No packets being processed

# Check iptables rules
sudo iptables -t mangle -vnL --line-numbers

# Verify nfqueue status
cat /proc/net/netfilter/nfnetlink_queue

# Check B4 is running with correct permissions (root)
ps aux | grep b4

Web interface not accessible

  • Check if port is open: sudo netstat -tlnp | grep 7000
  • Verify --web-port is set
  • Check firewall rules

High CPU usage

# Reduce worker threads
sudo b4 --threads 2

# Limit to specific domains
sudo b4 --sni-domains specific-domain.com

Credits

B4 builds upon research and techniques from:

License

This project is provided as-is for educational purposes. Users are responsible for compliance with local laws and regulations.

Contributing

Contributions are welcome!

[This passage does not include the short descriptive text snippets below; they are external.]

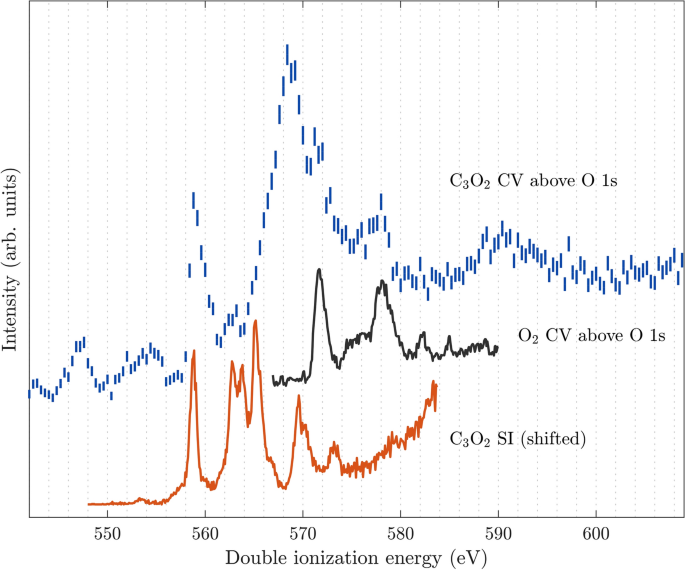 Core-valence double ionization of carbon suboxide
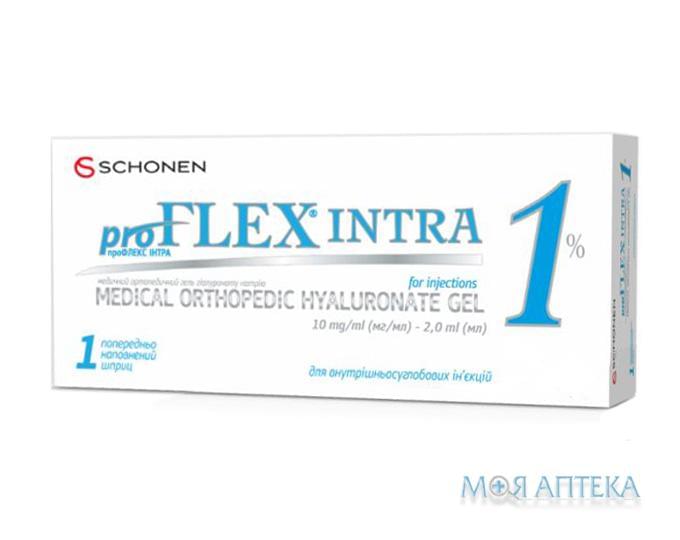 Профлекс Інтра гель для ін`єкцій 10 мг/мл шприц 2 мл №1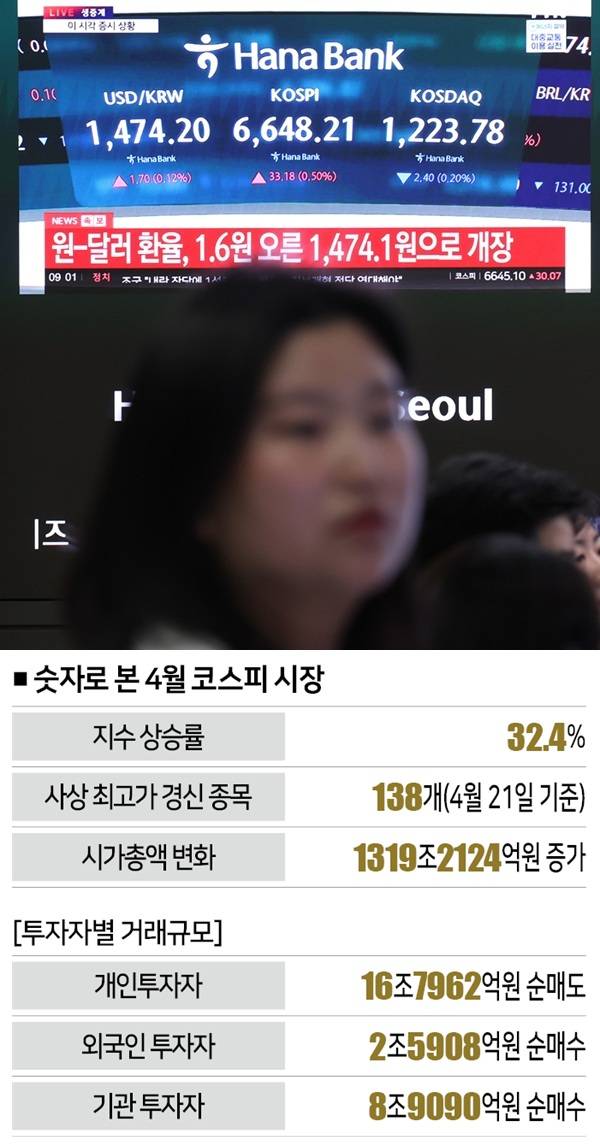 [자료｜한국거래소, 참고｜3월 31일~4월 29일 기준, 사진｜뉴시스]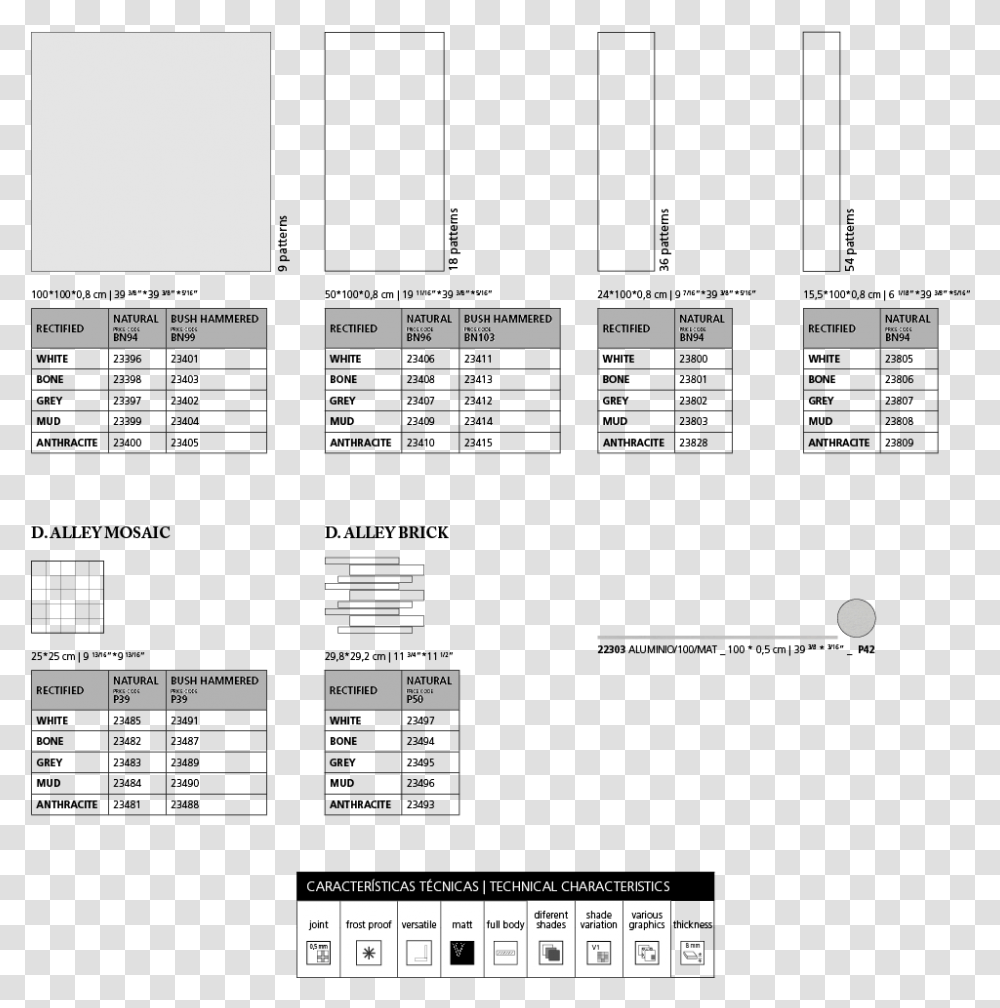 Plan, Plot, Diagram, Measurements Transparent Png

Please:

  1. Fork the repository
  2. Create a feature branch
  3. Make your changes
  4. Submit a pull request

Disclaimer

This tool is intended for bypassing censorship and protecting privacy in regions where internet access is restricted. It should not be used for illegal activities. The authors are not responsible for misuse of this software.